*** Block opens ***
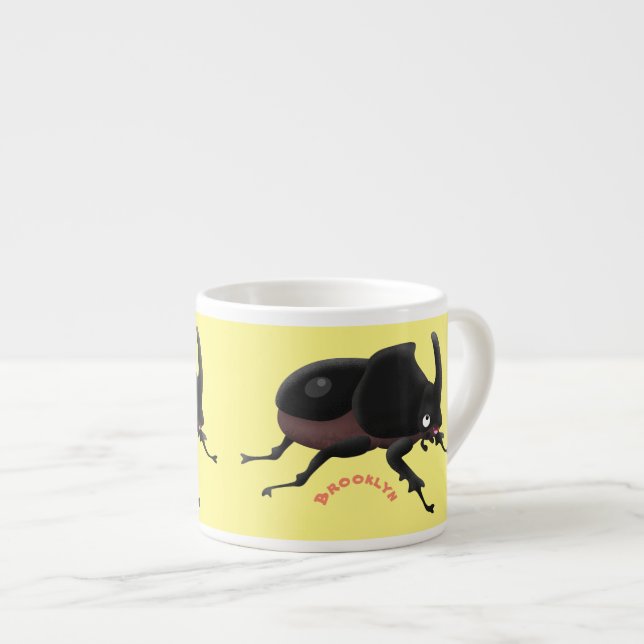 Cute rhinoceros beetle cartoon illustration espresso cup (Front Right)
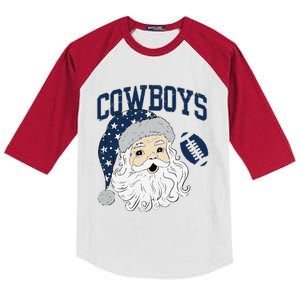 Funny Cowboys Santa Football Football Lover Gift Christmas Santa Football Xmas Kids Colorblock Raglan Jersey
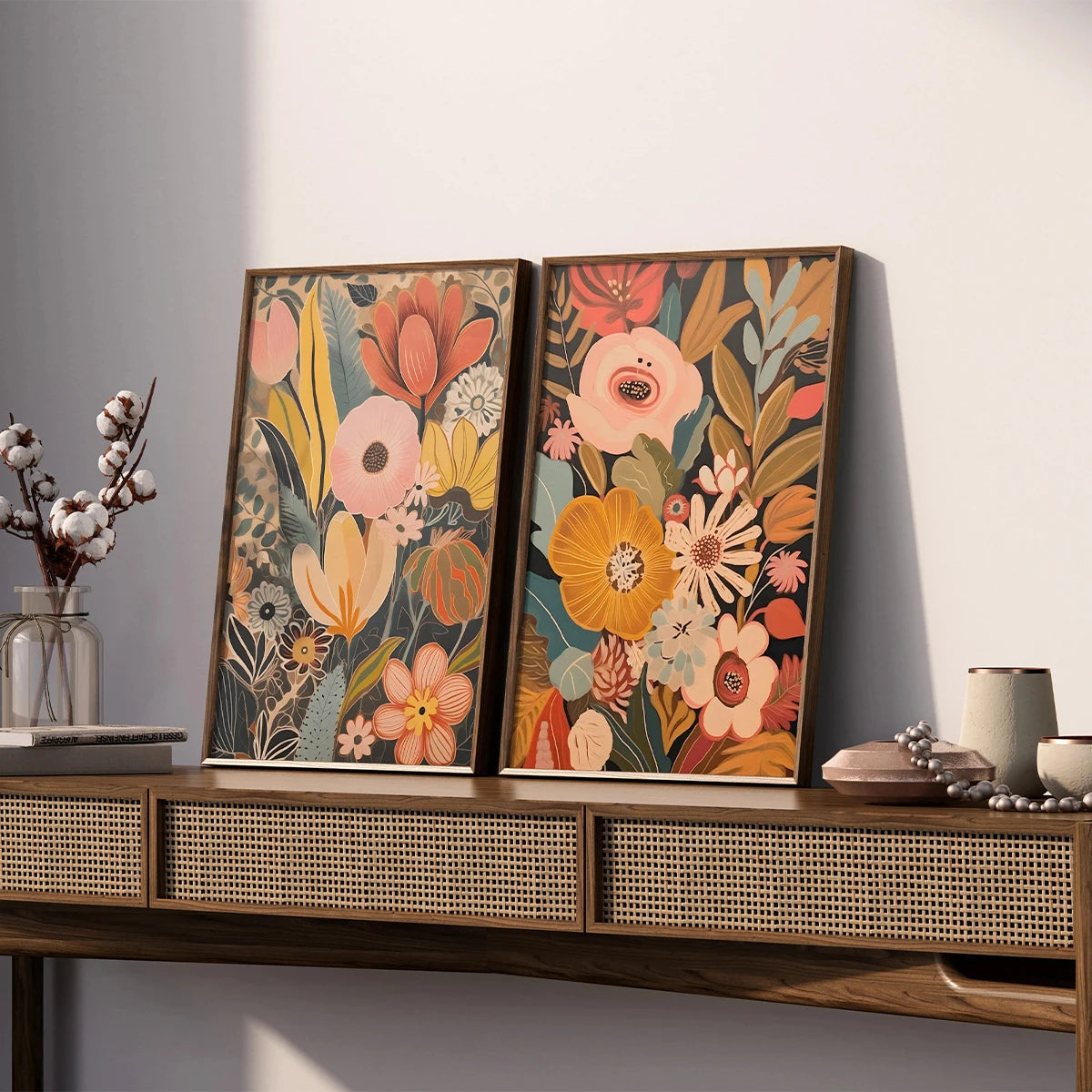 toile d'art moderne floral abstraite multicolore contemporaine chambres salon decoration maison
*** Block closes ***
PROMPT:
You are asked to reproduce each line above exactly, but to exclude the pictures.

SOLUTION FOR THIS EXERCISE:
 Cute rhinoceros beetle cartoon illustration espresso cup (Front Right)
 Funny Cowboys Santa Football Football Lover Gift Christmas Santa Football Xmas Kids Colorblock Raglan Jersey
 toile d'art moderne floral abstraite multicolore contemporaine chambres salon decoration maison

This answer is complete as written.